= Problem =
From the entries below, gather each line containing the word "Wood".

((

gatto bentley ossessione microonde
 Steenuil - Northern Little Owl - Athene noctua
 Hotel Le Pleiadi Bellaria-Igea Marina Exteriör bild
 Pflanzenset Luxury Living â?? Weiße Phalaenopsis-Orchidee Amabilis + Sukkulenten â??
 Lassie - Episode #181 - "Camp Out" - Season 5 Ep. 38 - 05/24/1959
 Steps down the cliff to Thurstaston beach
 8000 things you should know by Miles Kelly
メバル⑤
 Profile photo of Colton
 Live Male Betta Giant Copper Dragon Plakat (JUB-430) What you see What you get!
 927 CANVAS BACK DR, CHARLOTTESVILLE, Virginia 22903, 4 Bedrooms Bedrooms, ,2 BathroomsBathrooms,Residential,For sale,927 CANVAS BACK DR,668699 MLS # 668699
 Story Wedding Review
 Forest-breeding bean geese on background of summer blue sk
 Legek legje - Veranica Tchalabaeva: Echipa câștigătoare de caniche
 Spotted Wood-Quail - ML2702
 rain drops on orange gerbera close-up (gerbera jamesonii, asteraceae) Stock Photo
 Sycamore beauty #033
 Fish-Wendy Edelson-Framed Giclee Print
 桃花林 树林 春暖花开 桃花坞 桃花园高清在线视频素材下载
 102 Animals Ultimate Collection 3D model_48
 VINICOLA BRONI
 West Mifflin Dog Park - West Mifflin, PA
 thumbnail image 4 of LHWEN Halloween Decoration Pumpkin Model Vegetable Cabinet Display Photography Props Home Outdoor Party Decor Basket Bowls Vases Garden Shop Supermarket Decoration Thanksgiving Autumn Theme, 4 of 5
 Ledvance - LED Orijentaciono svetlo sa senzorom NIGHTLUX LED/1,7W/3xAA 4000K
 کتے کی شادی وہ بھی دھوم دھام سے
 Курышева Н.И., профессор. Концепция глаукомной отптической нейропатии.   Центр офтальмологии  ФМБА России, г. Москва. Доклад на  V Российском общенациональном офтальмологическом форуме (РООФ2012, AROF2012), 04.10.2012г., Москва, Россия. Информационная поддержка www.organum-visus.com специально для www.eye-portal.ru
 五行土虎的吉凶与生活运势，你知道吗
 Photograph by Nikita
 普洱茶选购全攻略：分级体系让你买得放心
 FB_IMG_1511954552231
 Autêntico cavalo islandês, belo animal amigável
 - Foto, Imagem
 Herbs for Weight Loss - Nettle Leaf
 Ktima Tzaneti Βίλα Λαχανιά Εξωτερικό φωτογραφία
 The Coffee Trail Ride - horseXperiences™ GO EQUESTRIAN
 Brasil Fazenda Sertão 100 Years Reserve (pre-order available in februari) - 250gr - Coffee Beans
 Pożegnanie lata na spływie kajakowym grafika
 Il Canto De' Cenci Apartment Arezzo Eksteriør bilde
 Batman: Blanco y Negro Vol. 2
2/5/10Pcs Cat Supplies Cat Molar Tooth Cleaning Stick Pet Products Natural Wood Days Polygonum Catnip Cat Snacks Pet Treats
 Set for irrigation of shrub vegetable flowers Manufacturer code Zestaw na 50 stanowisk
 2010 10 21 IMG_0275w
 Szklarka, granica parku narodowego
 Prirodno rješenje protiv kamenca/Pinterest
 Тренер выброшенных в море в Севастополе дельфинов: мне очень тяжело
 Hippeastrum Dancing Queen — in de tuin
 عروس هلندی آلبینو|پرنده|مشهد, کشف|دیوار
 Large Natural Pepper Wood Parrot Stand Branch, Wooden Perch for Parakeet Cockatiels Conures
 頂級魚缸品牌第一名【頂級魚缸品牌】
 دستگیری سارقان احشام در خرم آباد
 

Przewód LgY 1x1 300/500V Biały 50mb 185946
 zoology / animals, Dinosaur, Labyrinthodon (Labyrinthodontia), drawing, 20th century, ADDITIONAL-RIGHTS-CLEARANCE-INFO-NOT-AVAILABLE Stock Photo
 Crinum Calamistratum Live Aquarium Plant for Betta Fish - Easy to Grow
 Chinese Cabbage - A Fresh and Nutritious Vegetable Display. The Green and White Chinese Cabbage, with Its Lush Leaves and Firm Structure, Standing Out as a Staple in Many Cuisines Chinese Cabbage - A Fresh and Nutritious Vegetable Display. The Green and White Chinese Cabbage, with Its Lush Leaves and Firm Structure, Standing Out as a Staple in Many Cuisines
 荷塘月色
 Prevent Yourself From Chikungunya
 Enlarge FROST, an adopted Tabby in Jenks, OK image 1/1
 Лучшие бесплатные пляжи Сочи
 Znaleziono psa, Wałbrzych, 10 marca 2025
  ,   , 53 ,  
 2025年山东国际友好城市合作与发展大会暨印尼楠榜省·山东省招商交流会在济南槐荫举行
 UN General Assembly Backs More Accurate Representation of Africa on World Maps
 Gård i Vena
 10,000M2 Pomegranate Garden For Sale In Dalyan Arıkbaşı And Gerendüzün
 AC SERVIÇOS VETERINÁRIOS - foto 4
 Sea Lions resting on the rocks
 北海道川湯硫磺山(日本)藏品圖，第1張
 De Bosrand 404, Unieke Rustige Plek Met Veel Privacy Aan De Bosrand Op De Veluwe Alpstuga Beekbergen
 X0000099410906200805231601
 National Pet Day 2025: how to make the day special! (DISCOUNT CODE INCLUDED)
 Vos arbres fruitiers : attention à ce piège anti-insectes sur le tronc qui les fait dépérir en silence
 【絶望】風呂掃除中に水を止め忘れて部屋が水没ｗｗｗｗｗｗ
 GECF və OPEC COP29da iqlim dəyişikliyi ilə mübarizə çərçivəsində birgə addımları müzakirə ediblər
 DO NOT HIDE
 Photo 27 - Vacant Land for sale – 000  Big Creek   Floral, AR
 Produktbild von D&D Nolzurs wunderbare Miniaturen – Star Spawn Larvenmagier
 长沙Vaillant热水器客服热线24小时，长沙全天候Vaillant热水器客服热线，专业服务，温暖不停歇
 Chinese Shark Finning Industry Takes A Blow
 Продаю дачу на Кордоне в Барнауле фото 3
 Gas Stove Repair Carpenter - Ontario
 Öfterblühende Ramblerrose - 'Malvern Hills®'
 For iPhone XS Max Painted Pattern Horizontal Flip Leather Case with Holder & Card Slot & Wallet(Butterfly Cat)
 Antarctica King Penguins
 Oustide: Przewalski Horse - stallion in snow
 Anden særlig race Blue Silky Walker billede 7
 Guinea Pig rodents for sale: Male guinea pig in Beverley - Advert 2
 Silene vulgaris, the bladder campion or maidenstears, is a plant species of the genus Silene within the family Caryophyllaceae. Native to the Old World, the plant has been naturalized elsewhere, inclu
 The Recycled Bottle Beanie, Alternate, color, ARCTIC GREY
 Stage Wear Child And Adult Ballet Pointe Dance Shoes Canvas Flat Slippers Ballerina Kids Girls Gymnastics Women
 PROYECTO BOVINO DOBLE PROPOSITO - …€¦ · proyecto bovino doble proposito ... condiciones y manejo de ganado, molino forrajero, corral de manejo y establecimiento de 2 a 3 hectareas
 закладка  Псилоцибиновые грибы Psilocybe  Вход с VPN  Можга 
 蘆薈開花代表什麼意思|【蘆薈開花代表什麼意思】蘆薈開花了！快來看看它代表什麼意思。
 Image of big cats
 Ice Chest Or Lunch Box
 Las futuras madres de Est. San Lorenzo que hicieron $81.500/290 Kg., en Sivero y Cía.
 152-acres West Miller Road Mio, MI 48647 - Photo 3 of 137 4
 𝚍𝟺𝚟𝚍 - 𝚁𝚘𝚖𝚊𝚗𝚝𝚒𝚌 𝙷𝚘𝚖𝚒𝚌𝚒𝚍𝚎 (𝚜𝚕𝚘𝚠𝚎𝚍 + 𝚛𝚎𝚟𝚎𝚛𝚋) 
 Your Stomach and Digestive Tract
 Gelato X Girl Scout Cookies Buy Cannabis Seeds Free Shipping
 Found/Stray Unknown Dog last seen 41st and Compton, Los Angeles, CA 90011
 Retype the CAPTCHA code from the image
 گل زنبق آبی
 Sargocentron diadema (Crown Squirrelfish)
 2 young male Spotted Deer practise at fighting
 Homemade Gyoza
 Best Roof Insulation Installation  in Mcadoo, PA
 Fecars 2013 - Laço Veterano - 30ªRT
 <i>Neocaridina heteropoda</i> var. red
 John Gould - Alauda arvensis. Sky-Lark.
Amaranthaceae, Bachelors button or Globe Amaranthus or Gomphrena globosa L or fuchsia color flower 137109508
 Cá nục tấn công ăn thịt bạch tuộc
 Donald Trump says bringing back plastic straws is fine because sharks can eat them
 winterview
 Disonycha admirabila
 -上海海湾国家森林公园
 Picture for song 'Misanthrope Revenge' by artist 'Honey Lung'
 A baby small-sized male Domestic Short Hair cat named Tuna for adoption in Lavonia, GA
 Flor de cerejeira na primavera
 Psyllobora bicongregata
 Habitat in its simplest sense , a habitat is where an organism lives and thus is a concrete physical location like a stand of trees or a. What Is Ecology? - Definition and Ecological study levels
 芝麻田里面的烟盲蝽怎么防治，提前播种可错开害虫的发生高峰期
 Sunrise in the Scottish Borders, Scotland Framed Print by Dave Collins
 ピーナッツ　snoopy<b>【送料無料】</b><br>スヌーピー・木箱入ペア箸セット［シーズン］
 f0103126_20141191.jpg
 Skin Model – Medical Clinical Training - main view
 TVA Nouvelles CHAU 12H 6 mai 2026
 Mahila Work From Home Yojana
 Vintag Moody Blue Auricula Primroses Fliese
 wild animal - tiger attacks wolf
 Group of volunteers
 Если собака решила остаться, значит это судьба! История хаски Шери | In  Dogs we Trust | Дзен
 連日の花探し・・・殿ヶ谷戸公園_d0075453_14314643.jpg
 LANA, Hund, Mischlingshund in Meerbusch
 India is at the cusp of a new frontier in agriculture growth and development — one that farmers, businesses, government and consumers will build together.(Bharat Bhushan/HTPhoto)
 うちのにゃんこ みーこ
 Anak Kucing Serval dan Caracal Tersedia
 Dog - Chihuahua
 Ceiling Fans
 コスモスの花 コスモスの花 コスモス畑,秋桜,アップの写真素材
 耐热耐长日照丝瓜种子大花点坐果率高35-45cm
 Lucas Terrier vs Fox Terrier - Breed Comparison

))

= Task result =
 Spotted Wood-Quail - ML2702
2/5/10Pcs Cat Supplies Cat Molar Tooth Cleaning Stick Pet Products Natural Wood Days Polygonum Catnip Cat Snacks Pet Treats
 Large Natural Pepper Wood Parrot Stand Branch, Wooden Perch for Parakeet Cockatiels Conures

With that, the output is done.